For decades, the National Rifle Association (NRA) has seemed like an immovable and feared force in conservative politics, but in court documents first obtained by the New York Law Journal, constant backlash and boycotts in the wake of gun violence and school shootings has the organization under serious financial pressure.
According to the court docs, the NRA cites New York Governor Andrew Cuomo’s campaign to pressure insurers and financial institutions to cut ties with the gun rights organization, warning that the effort could damage its ability to “fulfill its advocacy objectives.” The state-led “blacklisting campaign” has inflicted “tens of millions of dollars in damages” on the organization, the group claims.
In addition to its loss of income and access to banking services, the NRA says it hasn’t been able to renew its media liability insurance. According to its complaint, if a replacement policy isn’t found, it may have to shut down its once lucrative television network NRATV and a number of other media outlets.

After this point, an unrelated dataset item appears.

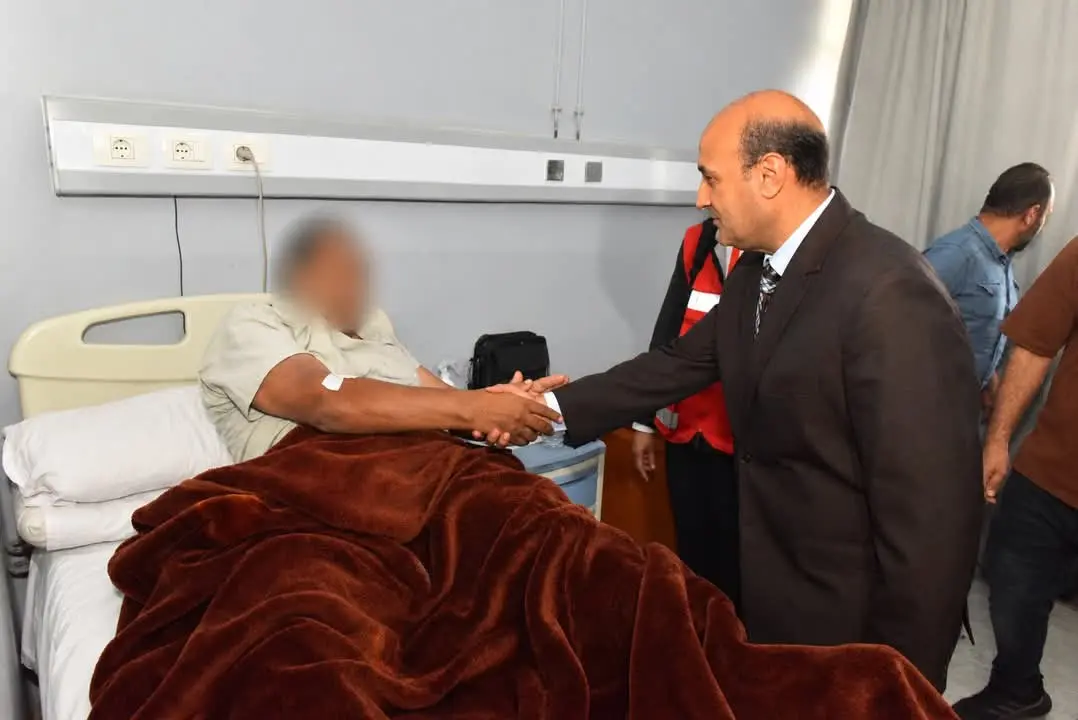 محافظ أسيوط يزور مصابي حادث لاعبي المشروع القومي للموهبة بمستشفى الشرطة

“Defendants’ concerted efforts to stifle the NRA’s freedom of speech and to retaliate against the NRA based on its viewpoints are causing other insurance, banking, and financial institutions doing business with the NRA … to rethink their mutually beneficial business relationships with the NRA for fear of monetary sanctions or expensive public investigations,” the complaint reads.
“Insurance coverage is necessary for the NRA to continue its existence,” it continues, adding that the NRA “cannot maintain its physical premises, convene off-site meetings and events, operate educational programs … or hold rallies, conventions and assemblies.”
From The Trace:
The NRA’s original lawsuit against Cuomo and the New York Department of Financial Services was filed in response to an April directive issued by the governor to the state agency to urge insurers and financial firms to consider whether any relationships those companies may have with the NRA constitute reputational risks. Cuomo’s order came in the midst of a wave of activism following the school shooting in Parkland, Florida, aimed at big banks and insurers that provided NRA members with discounts or special offers.
At Cuomo’s behest, the state also levied more than $8 million in fines against Chubb and Lockton Affinity, insurance companies supporting the NRA’s “Carry Guard” self-defense program in New York State. Carry Guard was marketed to NRA members as a firearms-training program that also provided insurance to cover legal fees and liabilities arising from self-defense shootings. The action led both companies to announce they were entering into consent agreements with the state and would no longer do business with the NRA.
In sum, the NRA’s compliant paints its situation as dire. Being cut off from routine banking services will render it “unable to exist” as “one of America’s oldest constitutional rights advocates,” it claims.
Governor Cuomo dismissed the NRA’s lawsuit as “a futile and desperate attempt to advance its dangerous agenda to sell more guns.”